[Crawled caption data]
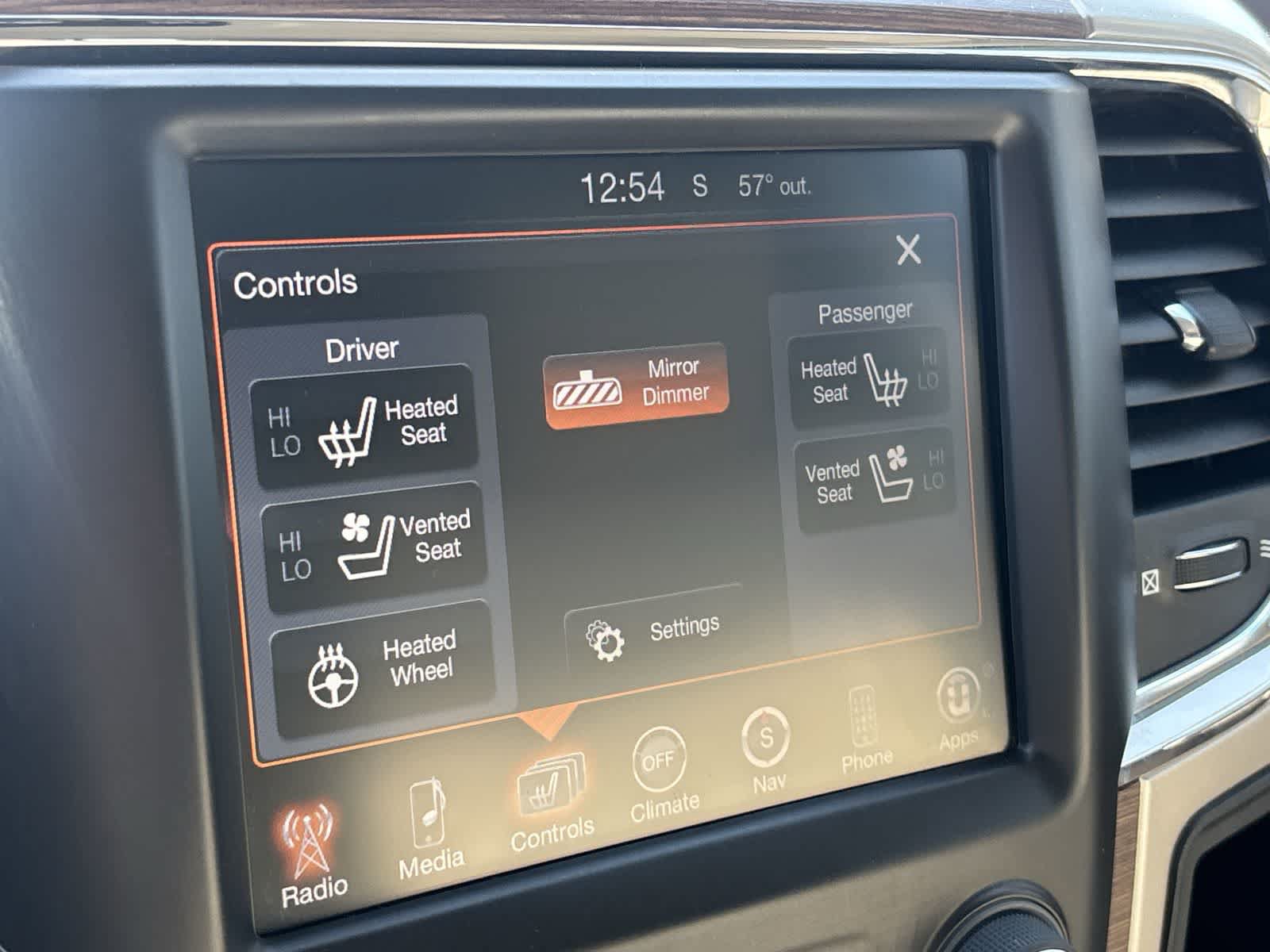 Used 2014 RAM 3500 Laramie w/ Convenience Group AWD/4WD image 24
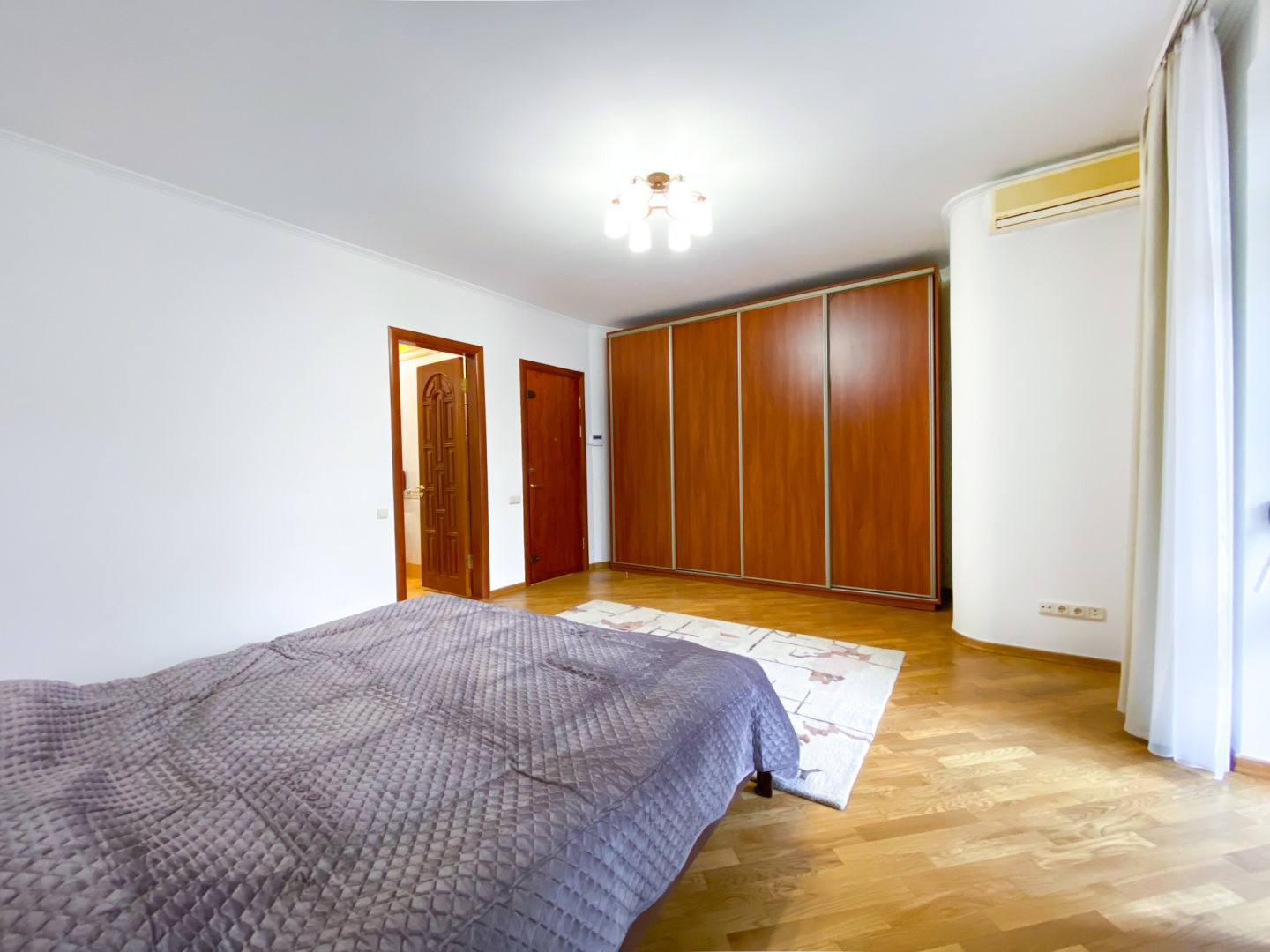 Аренда 4к квартиры в Киеве,  Богдана Хмельницкого ул., 82 10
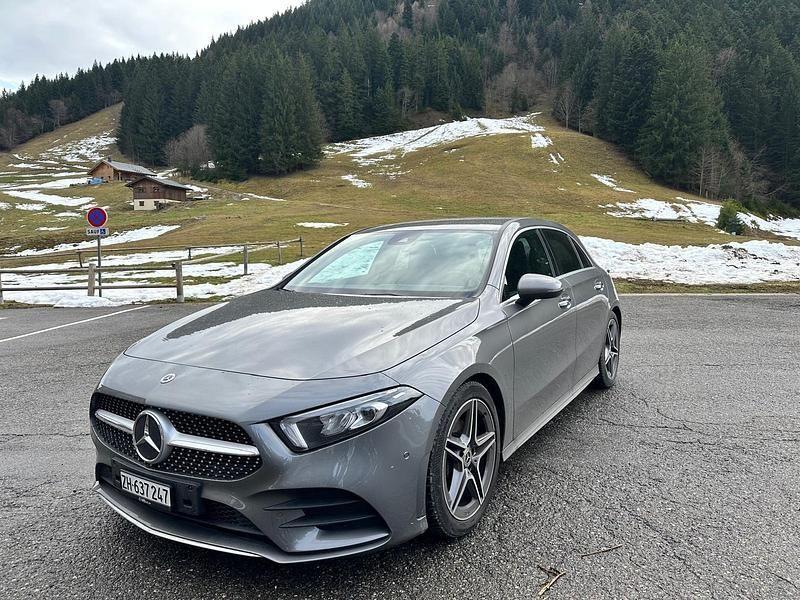 Gebraucht Mercedes A200 AMG line 163 PS (119 kW) 2022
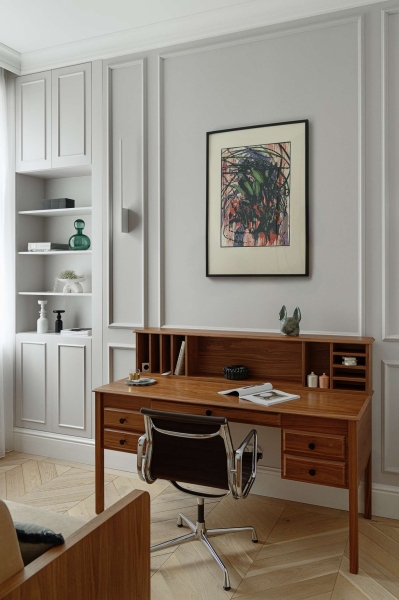 Inside an apartment where art meets soft minimalism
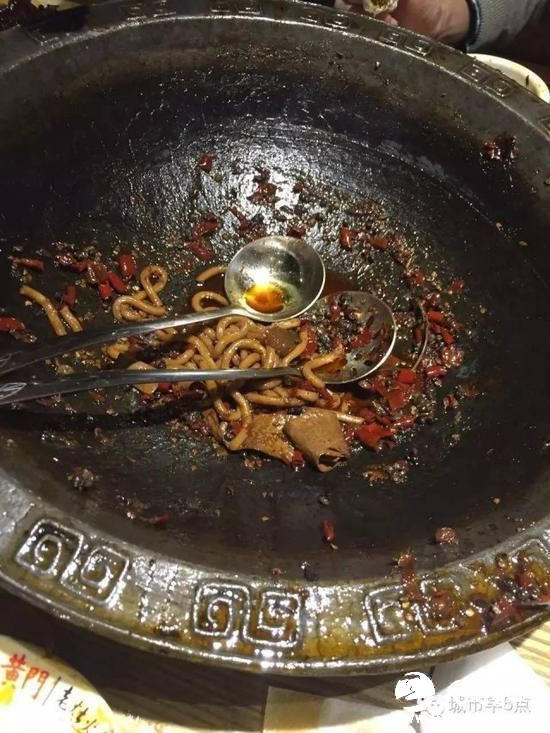 下午，小 8 联系到了黄门老灶火锅负责人。负责人告诉小 8 当天是因为爱米吃的火锅为九宫格铁锅，当天因为没有及时加汤，少汤并且铁锅烧久后导致铁离子分离。这个现象属于正常，对人身体无害。“ 这是店里第一次出现这样的情况，我们后来再次试验发现铁锅少汤烧久后确实会发生菜品发黑问题。这个情况我们也向顾客解释并致歉了。” 这位负责人说。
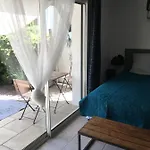 Cosy Private Bath And Garden أنغليه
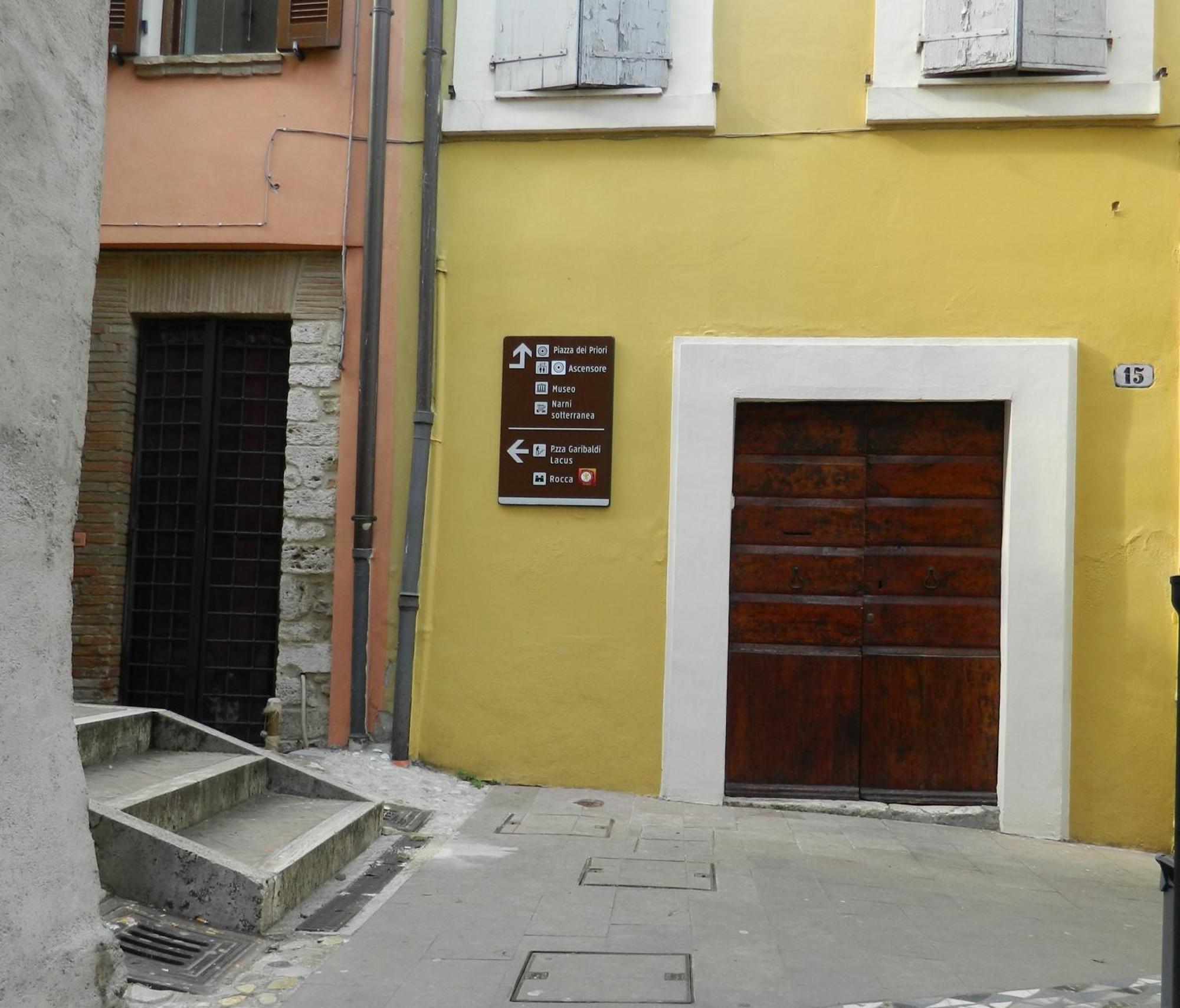 나르니 Casa Dell'Oliveto "Parcheggio Gratuito" 아파트 외부 사진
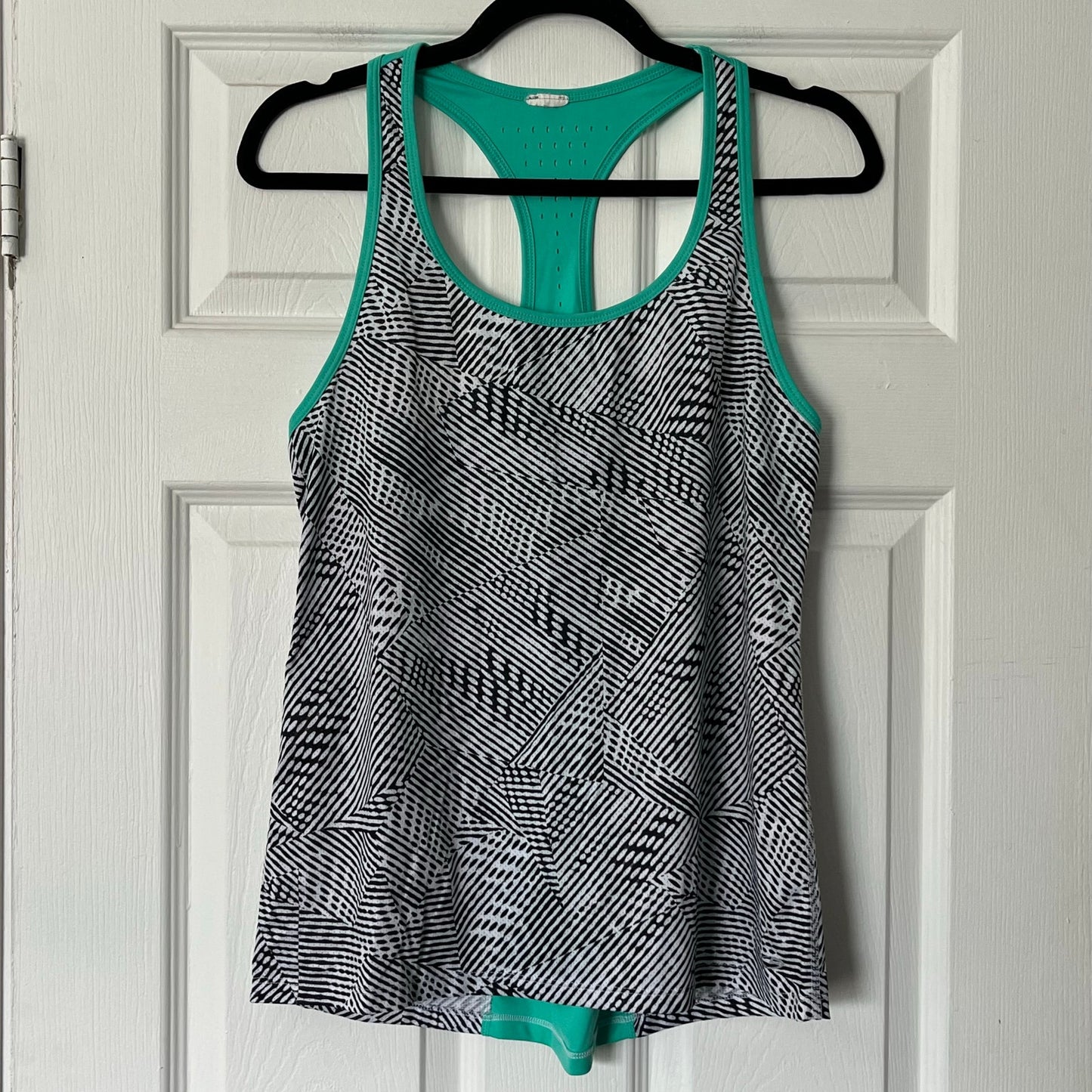 Contrast Trim Racerback Workout Tank - Size M*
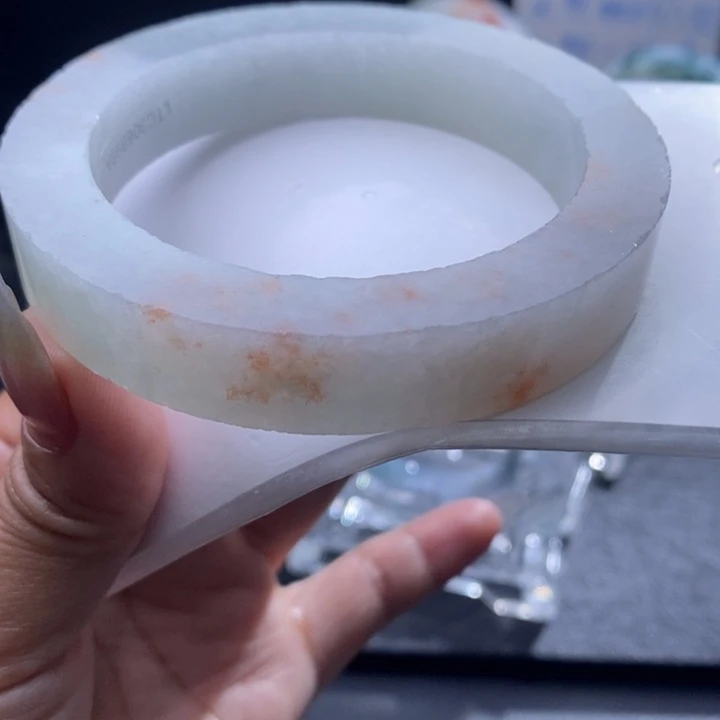 未镶嵌翡翠手镯定制翡翠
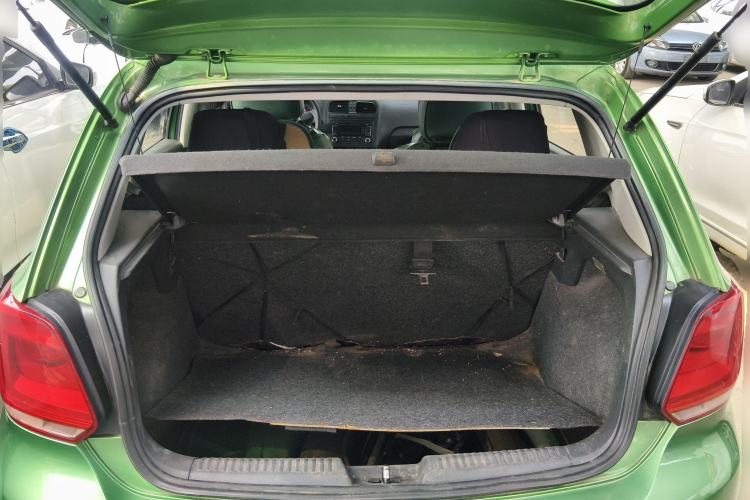 Used Volkswagen Polo 2013 1.4L Manual Fashion Edition Trunk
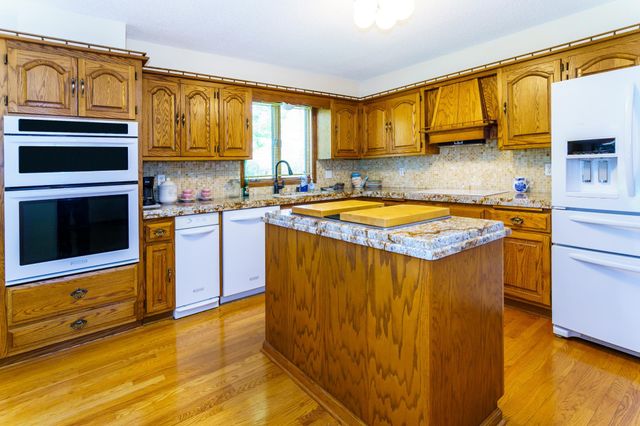 2640 Alvarado Lane N, Plymouth, MN 55447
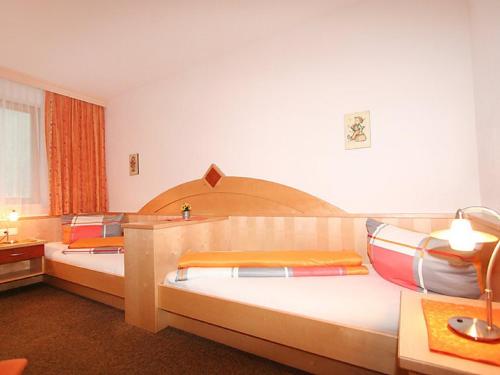 Apart Zangerle - image 4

### What you are asked to do
Give again, exactly, the lines from the start of the data through the one holding "未镶嵌翡翠手镯定制翡翠"; omit the pictures.

### Task result
 Used 2014 RAM 3500 Laramie w/ Convenience Group AWD/4WD image 24
 Аренда 4к квартиры в Киеве,  Богдана Хмельницкого ул., 82 10
 Gebraucht Mercedes A200 AMG line 163 PS (119 kW) 2022
 Inside an apartment where art meets soft minimalism
 下午，小 8 联系到了黄门老灶火锅负责人。负责人告诉小 8 当天是因为爱米吃的火锅为九宫格铁锅，当天因为没有及时加汤，少汤并且铁锅烧久后导致铁离子分离。这个现象属于正常，对人身体无害。“ 这是店里第一次出现这样的情况，我们后来再次试验发现铁锅少汤烧久后确实会发生菜品发黑问题。这个情况我们也向顾客解释并致歉了。” 这位负责人说。
 Cosy Private Bath And Garden أنغليه
 나르니 Casa Dell'Oliveto "Parcheggio Gratuito" 아파트 외부 사진
 Contrast Trim Racerback Workout Tank - Size M*
 未镶嵌翡翠手镯定制翡翠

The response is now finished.